## Task details
Print, word for word, only the lines from the one with "Diamond Forks Count" down to the last line of the listing below; no pictures.
Start of Material for the task
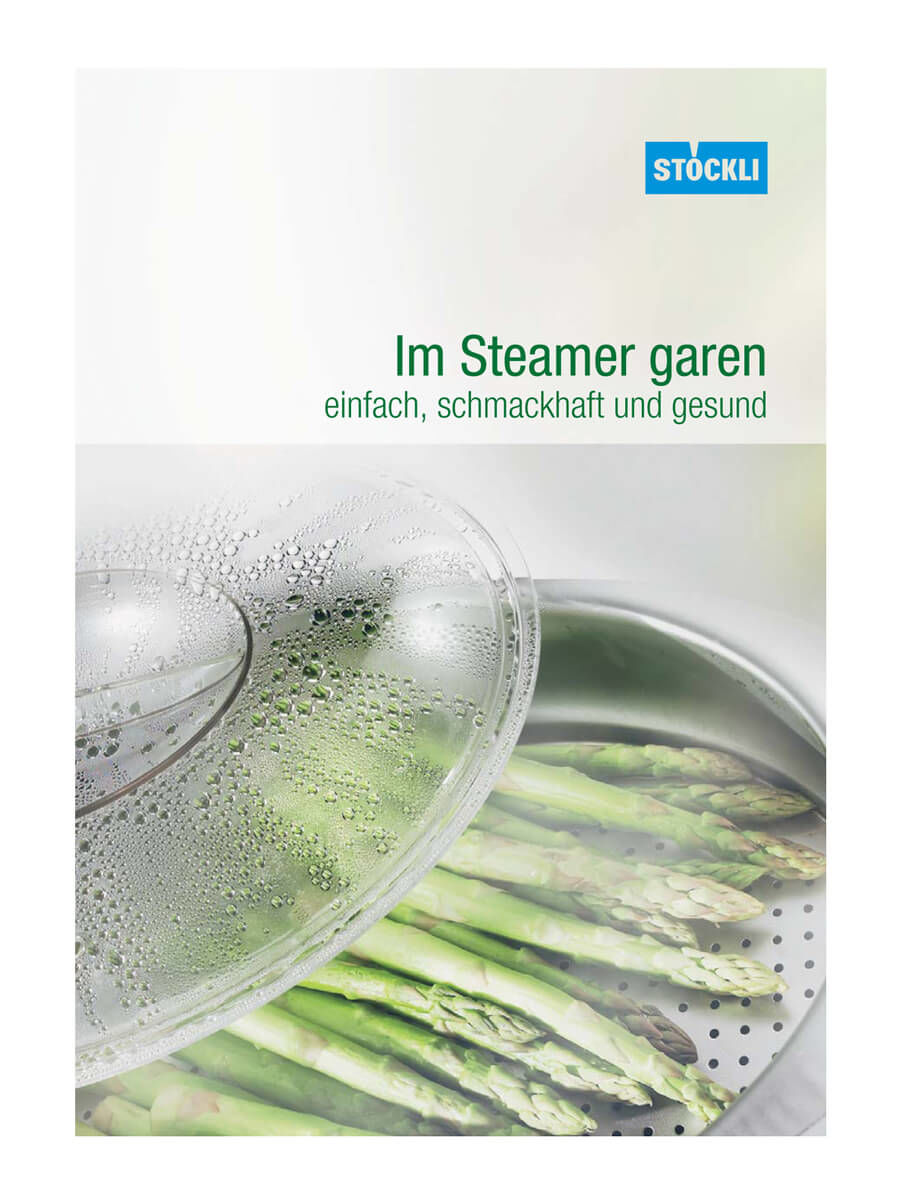 Image of Stöckli Steamer Rezeptbuch Deutsch Zubehör bei nettoshop.ch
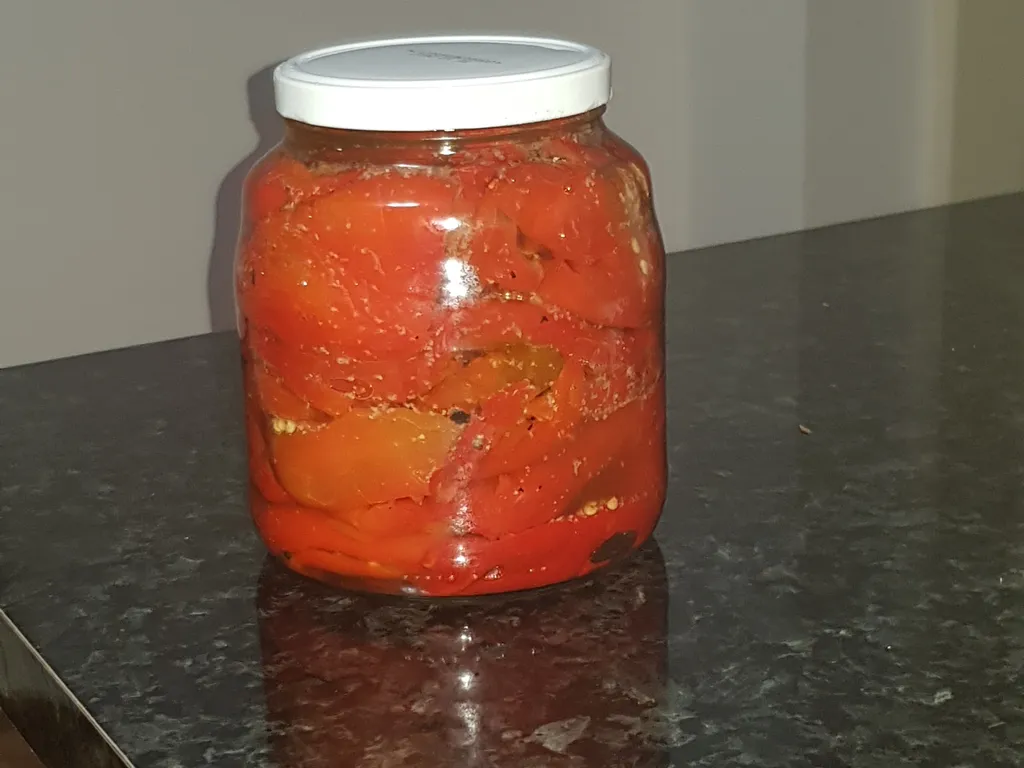 Pečena paprika za zimu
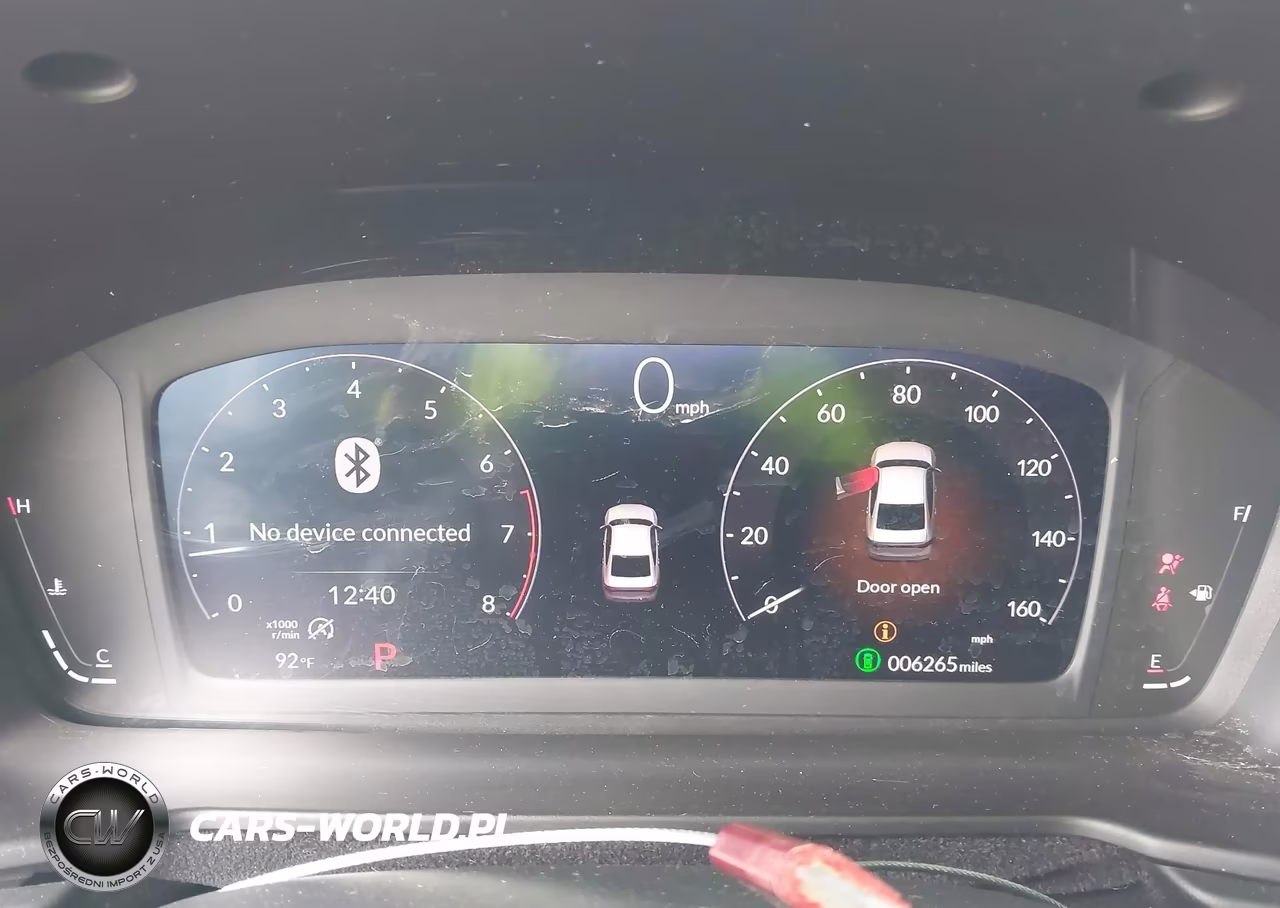2025 Honda Accord Se VIN:1HGCY1F46SA057369 - 7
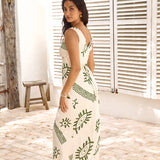 Vacation Calling Maxi Dress Green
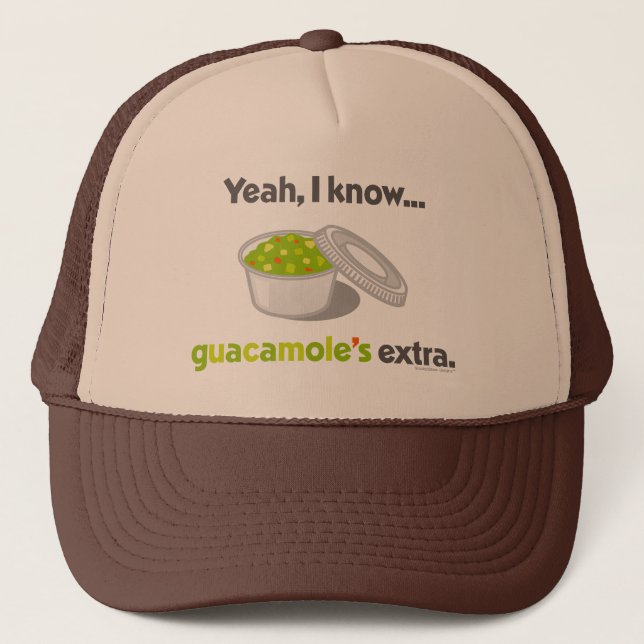 Yeah vet jag att Guacamole är extra (koppen av Keps (Framsida)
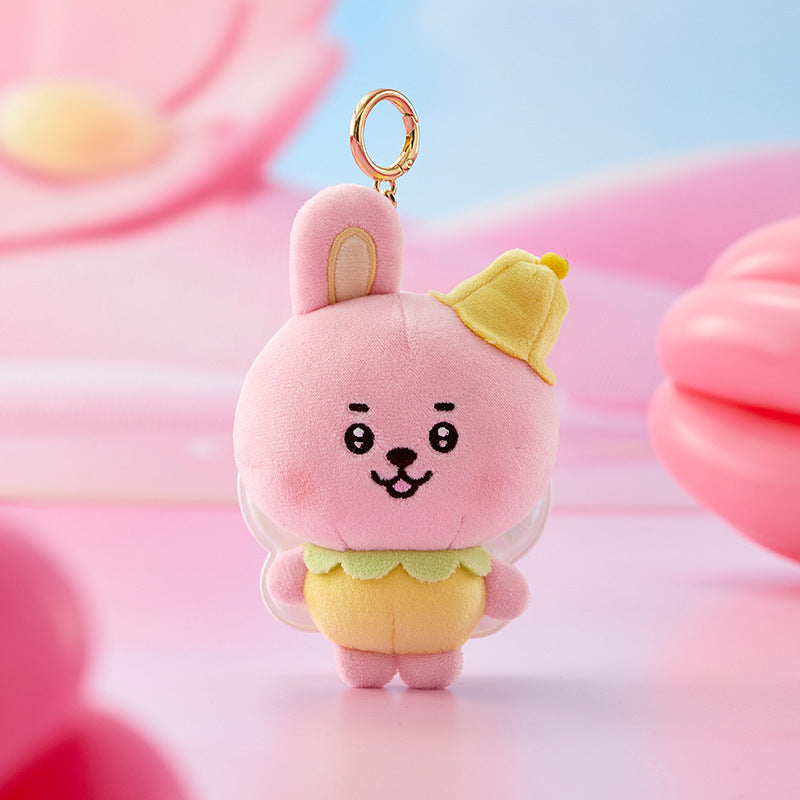Cute Plush Stuffed Animal Toy Keychain For Adults, Soft And Adorable Plush Doll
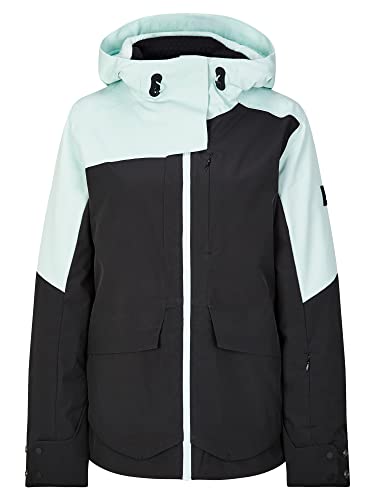 Ziener Damen TAUDRI Ski-Jacke/Snowboard-Jacke | warm, wasserdicht, PFC frei, black, 36 von Ziener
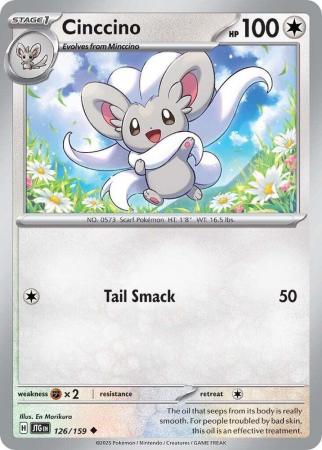 126/159 - Cinccino - Journey Together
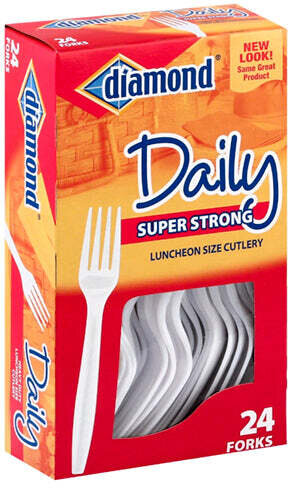 Diamond Forks Count
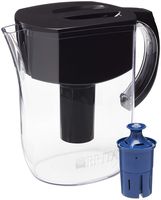 Brita Everyday Pitcher with 1 Longlast Filter, Large 10 Cup, Black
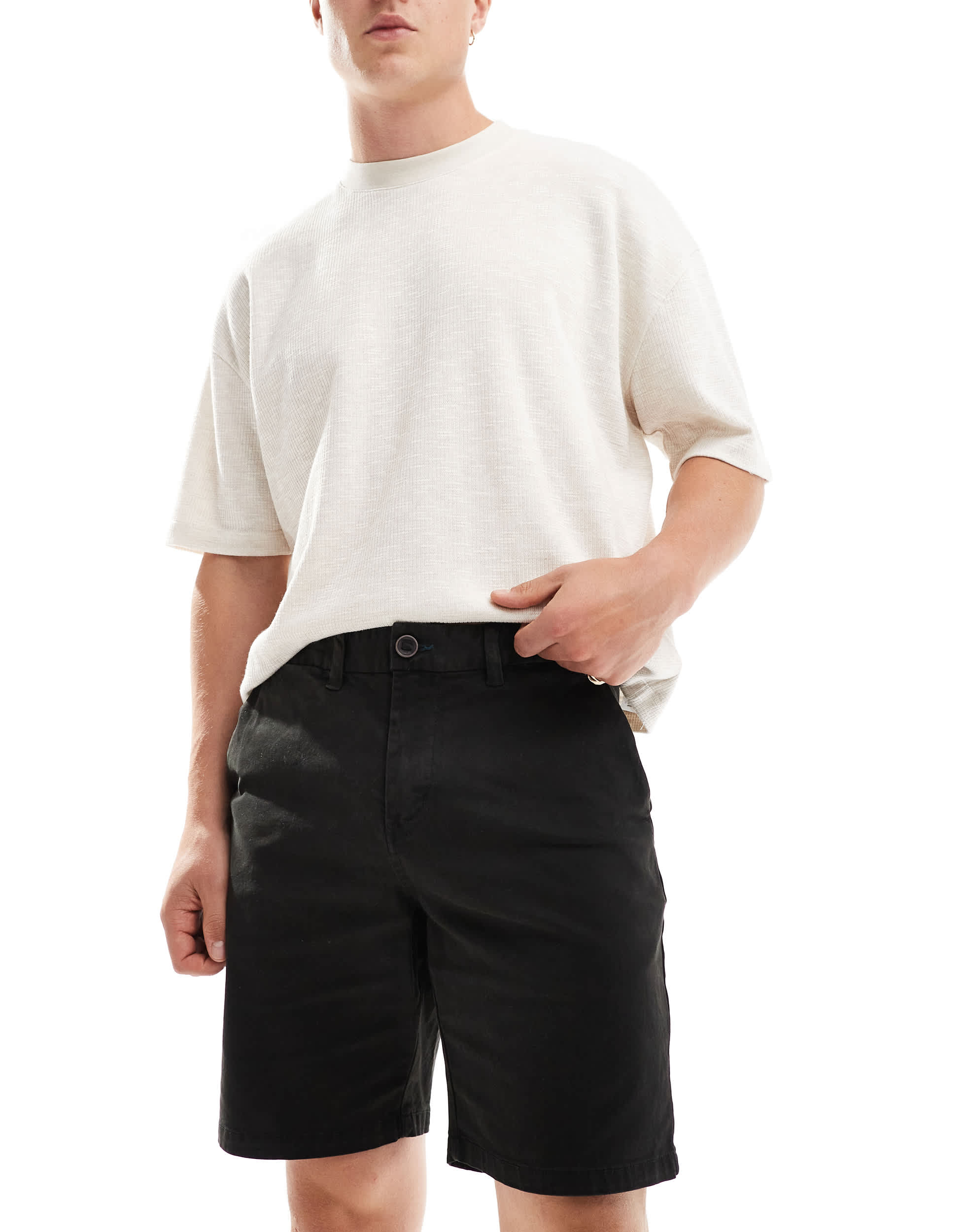 Billabong new order weight shorts in black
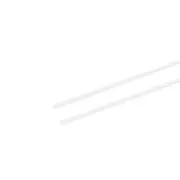 2mm Dia 10" Long Acrylic Round Rod,Clear Acrylic rods PMMA Bar 2pcs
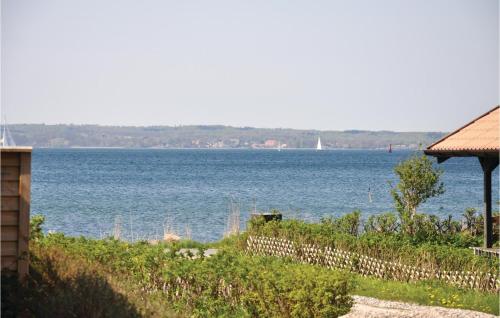 a view of a large body of water at Three-Bedroom Holiday Home In Broager in Broager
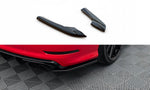 Maxton Parts - Diffusor Flaps passend für Audi S3 Limousine 8V schwarz Hochglanz (AU-S3-3-S-RSD1-G)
End of Material for the task
## Answer
 Diamond Forks Count
 Brita Everyday Pitcher with 1 Longlast Filter, Large 10 Cup, Black
 Billabong new order weight shorts in black
 2mm Dia 10" Long Acrylic Round Rod,Clear Acrylic rods PMMA Bar 2pcs
 a view of a large body of water at Three-Bedroom Holiday Home In Broager in Broager
 Maxton Parts - Diffusor Flaps passend für Audi S3 Limousine 8V schwarz Hochglanz (AU-S3-3-S-RSD1-G)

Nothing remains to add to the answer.